-------- Source data

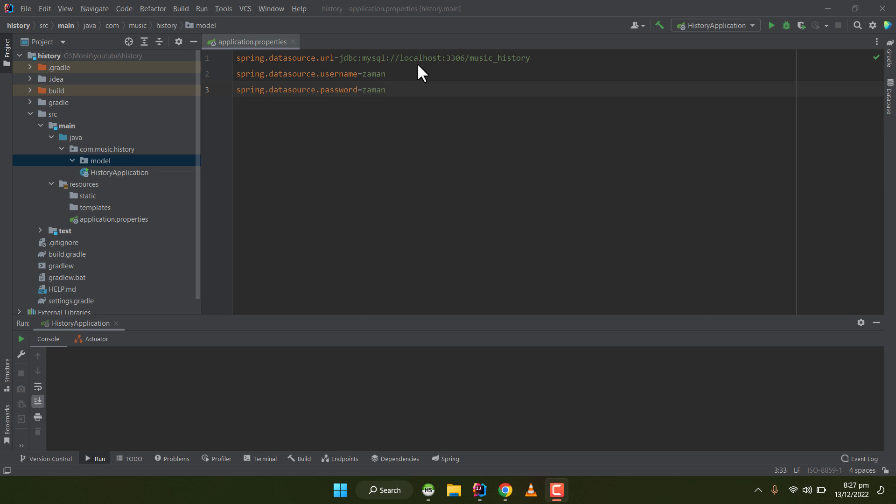In my earlier video, I showed you how to connect your Spring application to a MySQL database. Now in this tutorial, I'm going to show you how to create a JPA entity from your existing database.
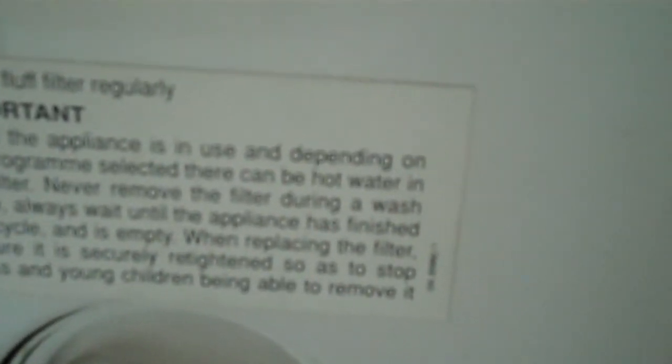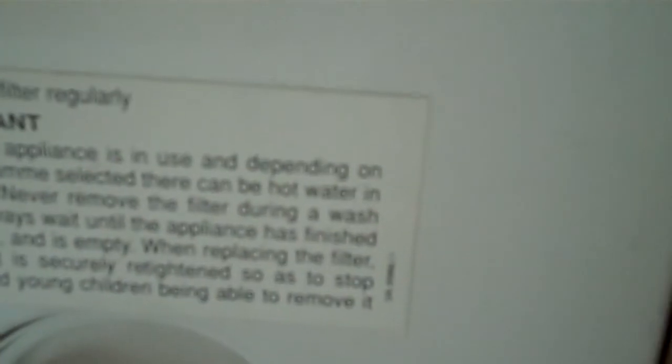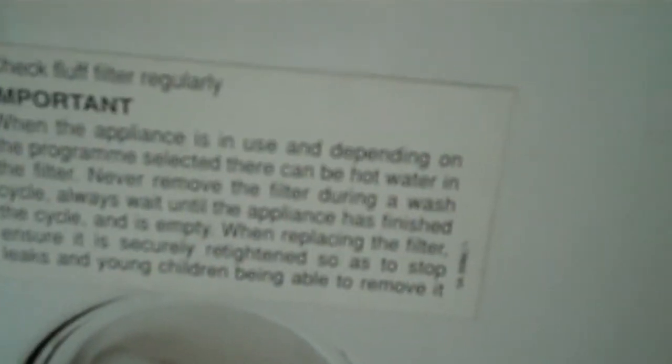When appliance is in use, depending on program, there can be hot water in the filter. Never remove the filter during a wash cycle. And it's to empty when replacing the filter. Ensure that it seals to stop leaks and prevent young children being able to remove it.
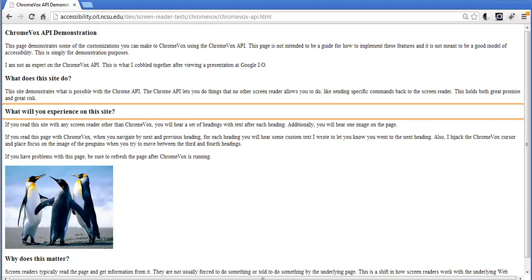So again, using JavaScript and the ChromeVox API I was able to override the default behavior of the screen reader, so that when you try to go to the next or previous heading I can reroute you to anywhere I want on the page. To see why all of this matters and why it's important, please go read my blog post which is linked in the description for this video.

----------------

- **Problem requirements**: Transcribe all of the data above exactly; no picture belongs in the copy.

- **Finished exercise**:
In my earlier video, I showed you how to connect your Spring application to a MySQL database. Now in this tutorial, I'm going to show you how to create a JPA entity from your existing database.
When appliance is in use, depending on program, there can be hot water in the filter. Never remove the filter during a wash cycle. And it's to empty when replacing the filter. Ensure that it seals to stop leaks and prevent young children being able to remove it.
So again, using JavaScript and the ChromeVox API I was able to override the default behavior of the screen reader, so that when you try to go to the next or previous heading I can reroute you to anywhere I want on the page. To see why all of this matters and why it's important, please go read my blog post which is linked in the description for this video.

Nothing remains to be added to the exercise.